EXERCISE GOAL | Print back each record unchanged, without pictures.

++++++++

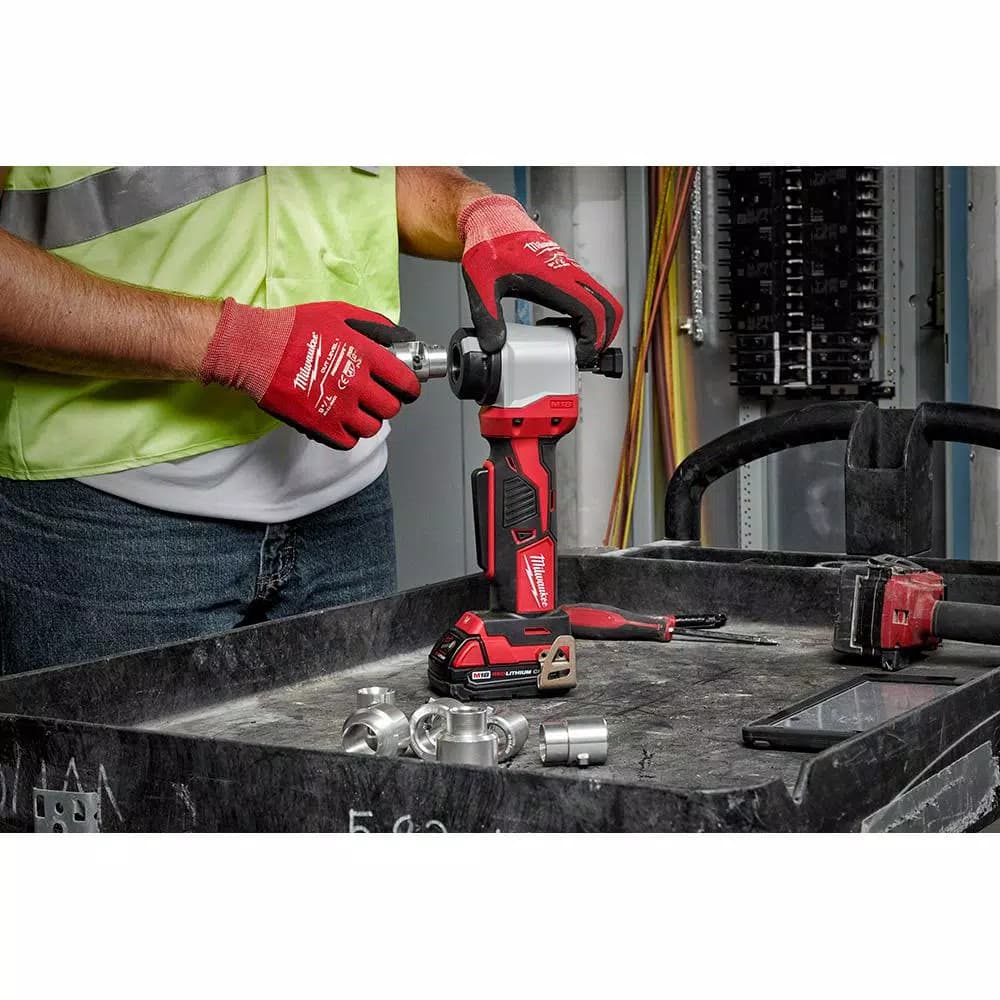 Milwaukee M18 Cordless Cable Stripper Kit for Cu THHN/XHHW Wire, 18V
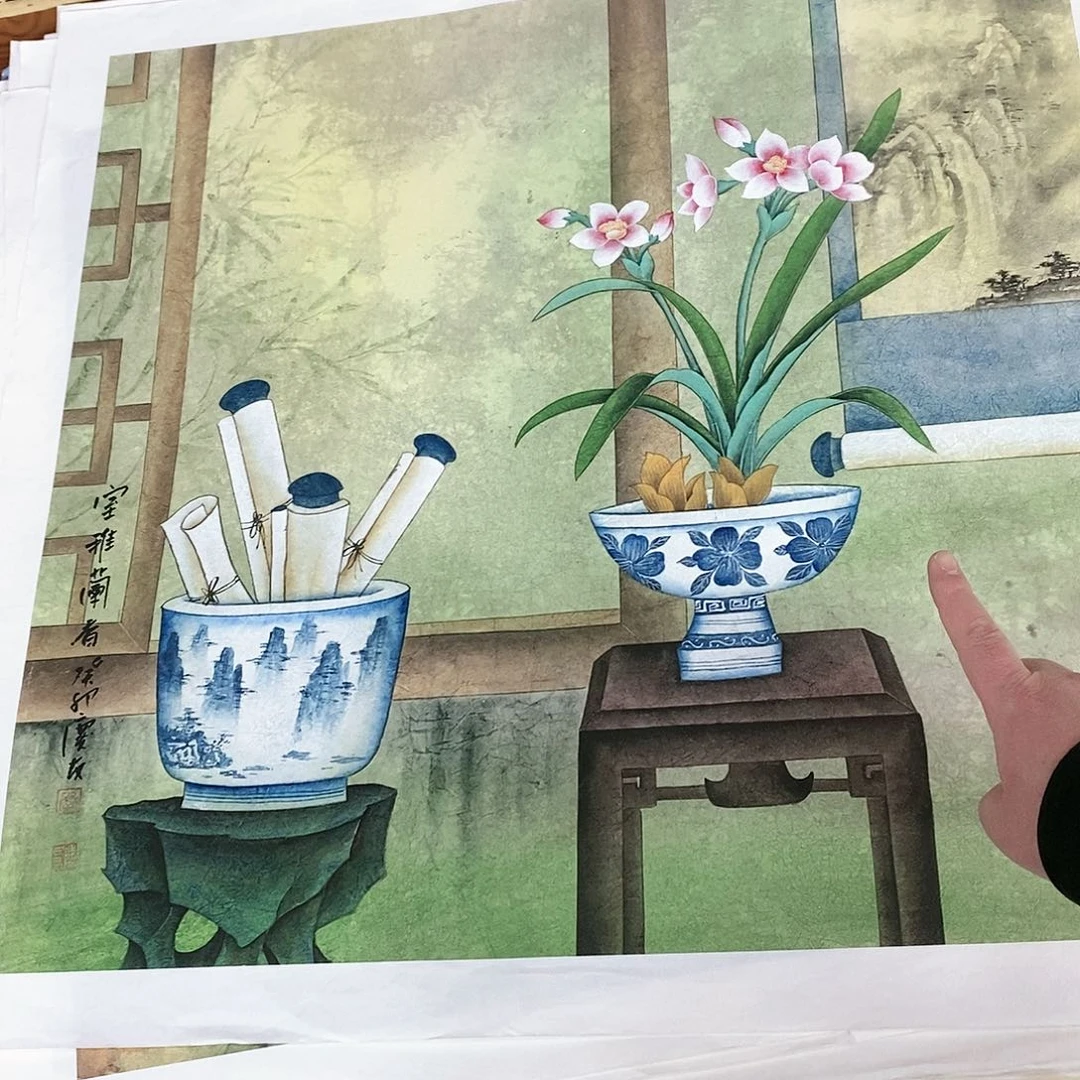 国画国画手绘精品作品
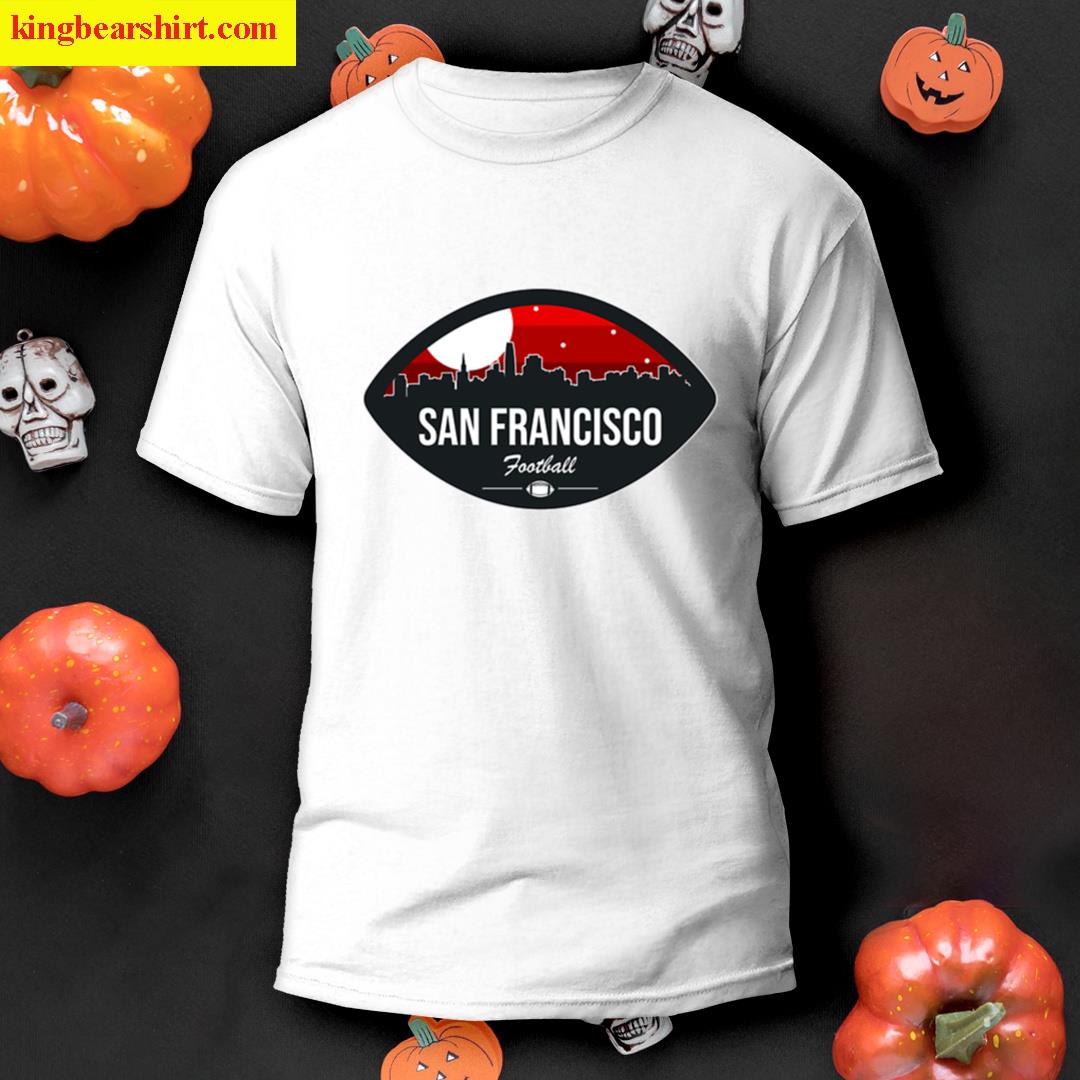 San Francisco Football Skyline T-shirt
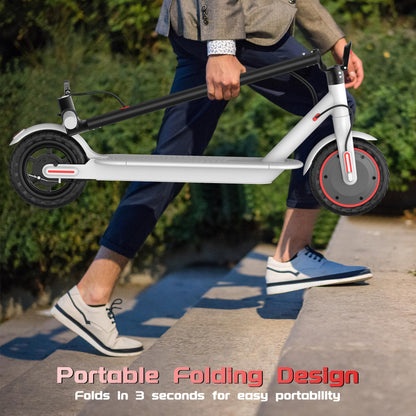 MAXSHOT Electric Scooter Adults & Big Kids, 350W Powerful Motor, Top Speed 12/16/19MPH, 12/16/21Miles Range, 8.5" Solid Tires Folding Commuter Escooter for Commuting, APP Control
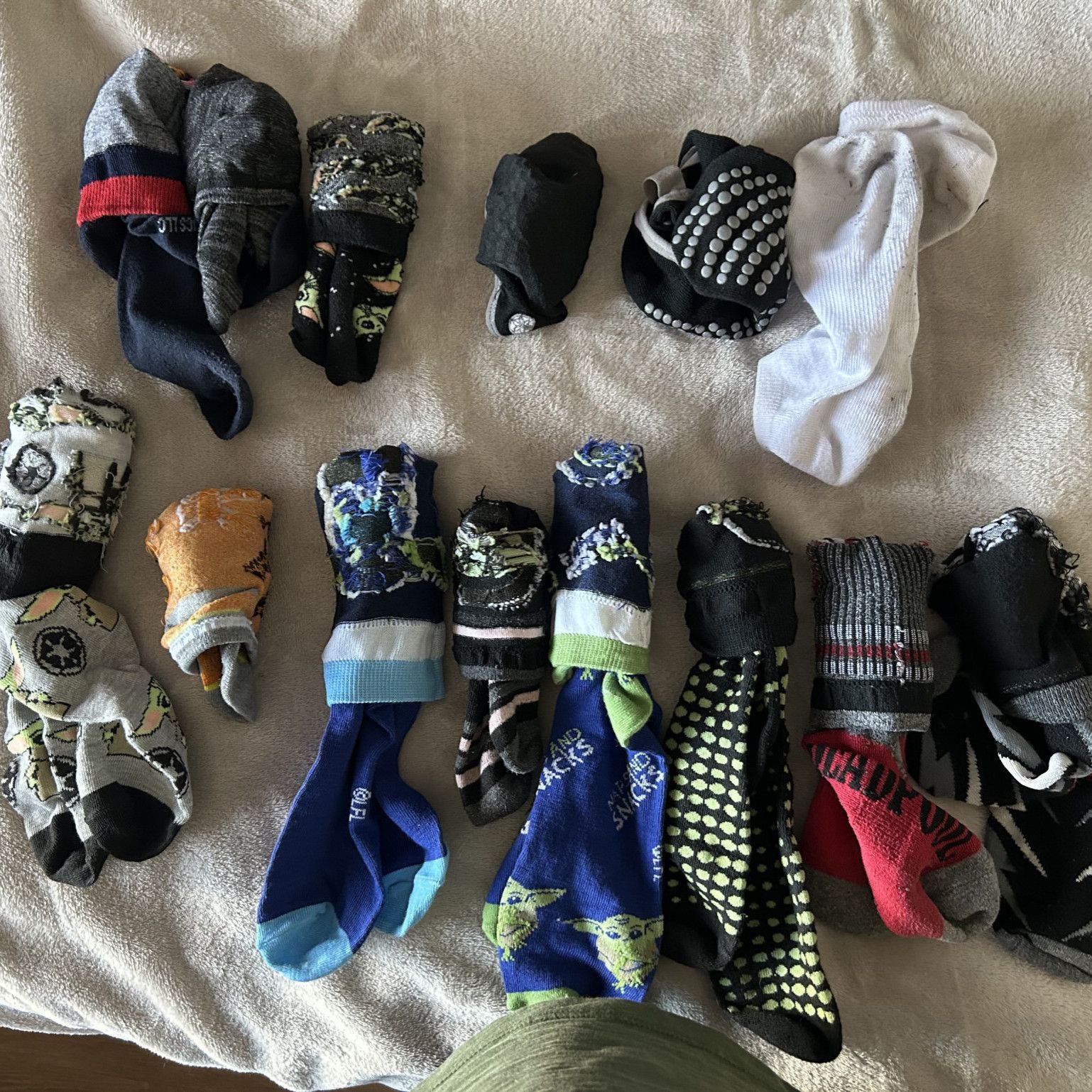 Used socks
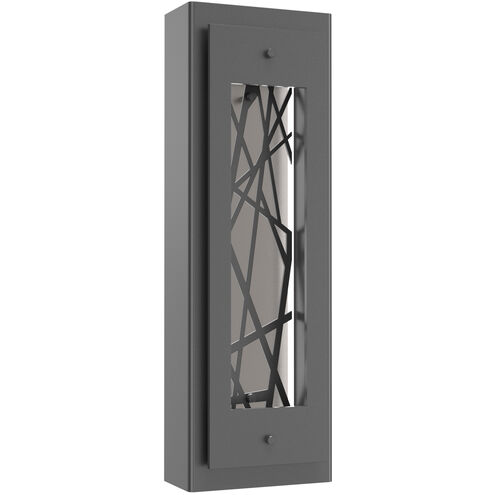 Twilight LED 20.3 inch Argento Grey with Euclid Motif Outdoor Sconce in 2700K LED, Small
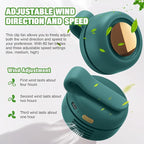 Portable Silent Mini Bladeless Fan Clip on, Portable Silent Mini Bladeless - Image 4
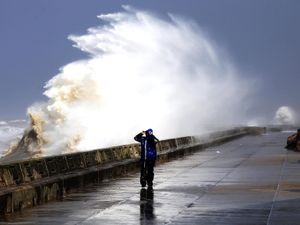 Supporting image for story: UK set to be battered by up to 80mph winds in first named storm of season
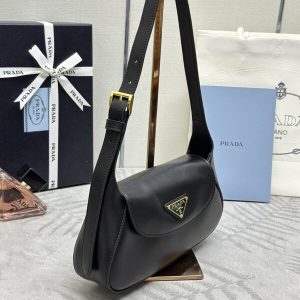 Replica Prada Small Shoulder Bag Black - top-rated replica designer bag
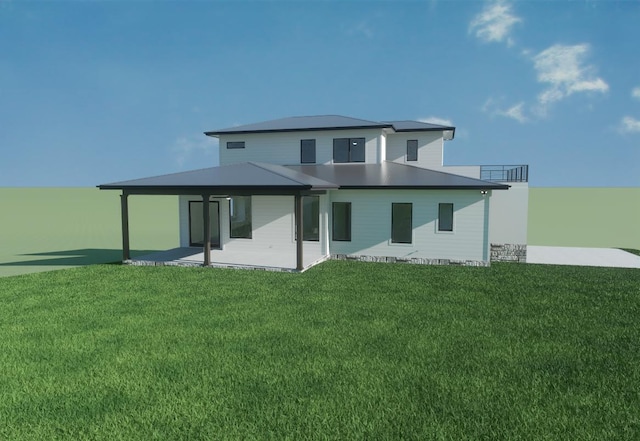 3354 Hawks Creek Dr, Apison, TN 37302 - back of property featuring a gazebo, a patio, and a yard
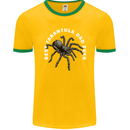 Tarantula Dad Funny Spider Mens Ringer T-Shirt FotL Gold/Green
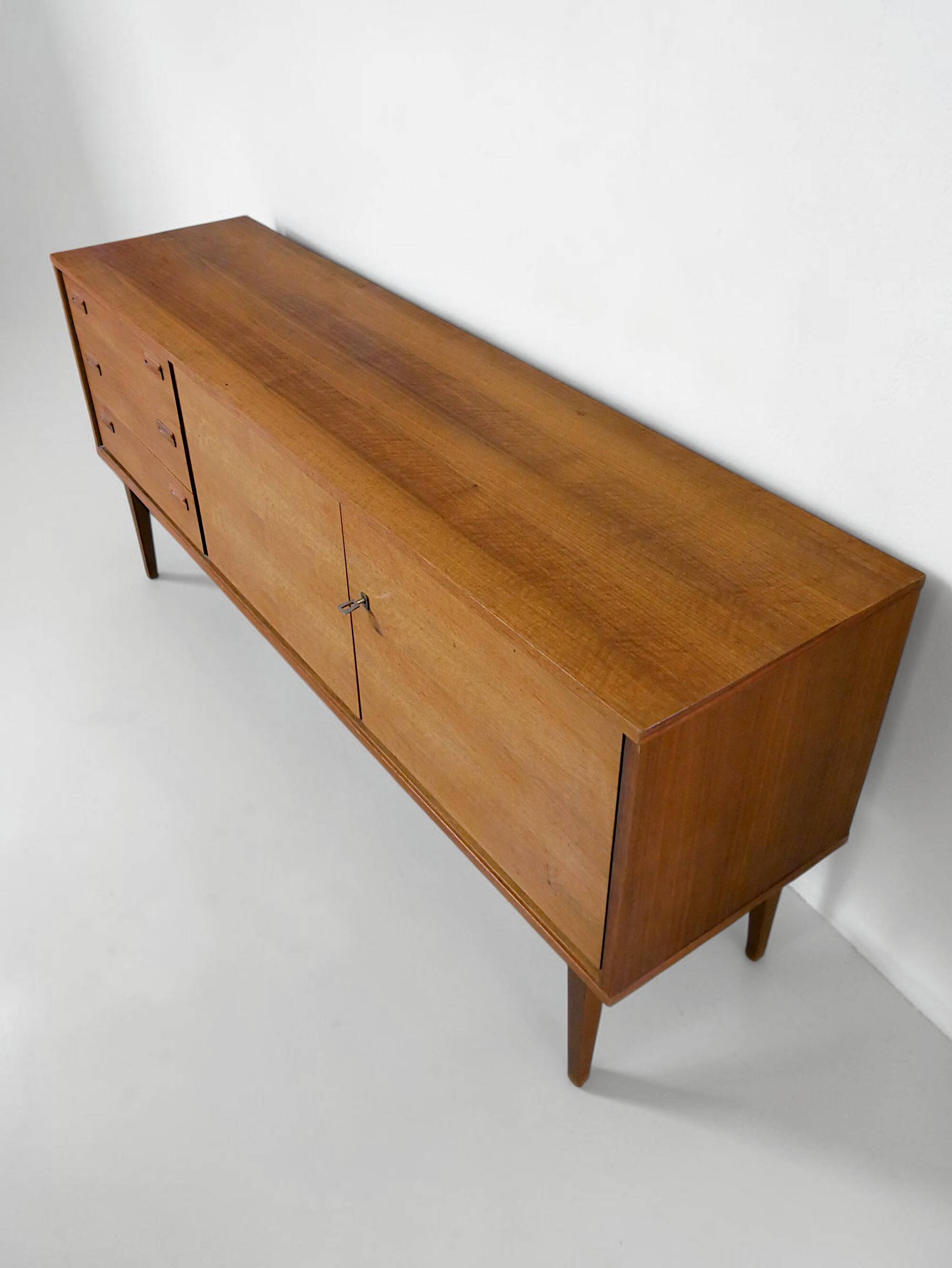 Enfilade scandinave en teck - Vintage 1960 1970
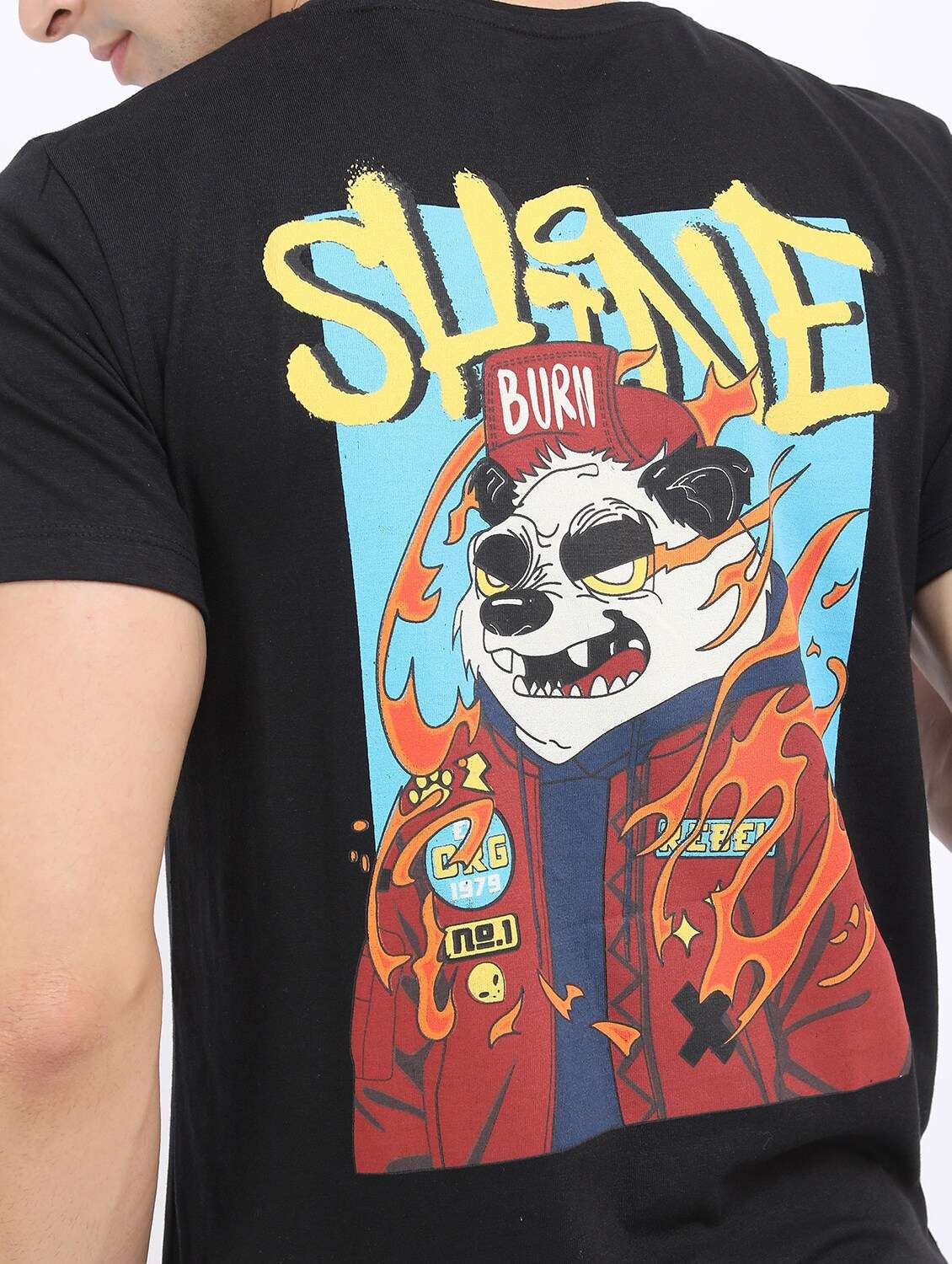 men short sleeved back printed t-shirt - 21488022 -  Standard Image - 4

++++++++

RESPONSE AREA |
 Milwaukee M18 Cordless Cable Stripper Kit for Cu THHN/XHHW Wire, 18V
 国画国画手绘精品作品
 San Francisco Football Skyline T-shirt
 MAXSHOT Electric Scooter Adults & Big Kids, 350W Powerful Motor, Top Speed 12/16/19MPH, 12/16/21Miles Range, 8.5" Solid Tires Folding Commuter Escooter for Commuting, APP Control
 Used socks
 Twilight LED 20.3 inch Argento Grey with Euclid Motif Outdoor Sconce in 2700K LED, Small
 Portable Silent Mini Bladeless Fan Clip on, Portable Silent Mini Bladeless - Image 4
 Supporting image for story: UK set to be battered by up to 80mph winds in first named storm of season
 Replica Prada Small Shoulder Bag Black - top-rated replica designer bag
 3354 Hawks Creek Dr, Apison, TN 37302 - back of property featuring a gazebo, a patio, and a yard
 Tarantula Dad Funny Spider Mens Ringer T-Shirt FotL Gold/Green
 Enfilade scandinave en teck - Vintage 1960 1970
 men short sleeved back printed t-shirt - 21488022 -  Standard Image - 4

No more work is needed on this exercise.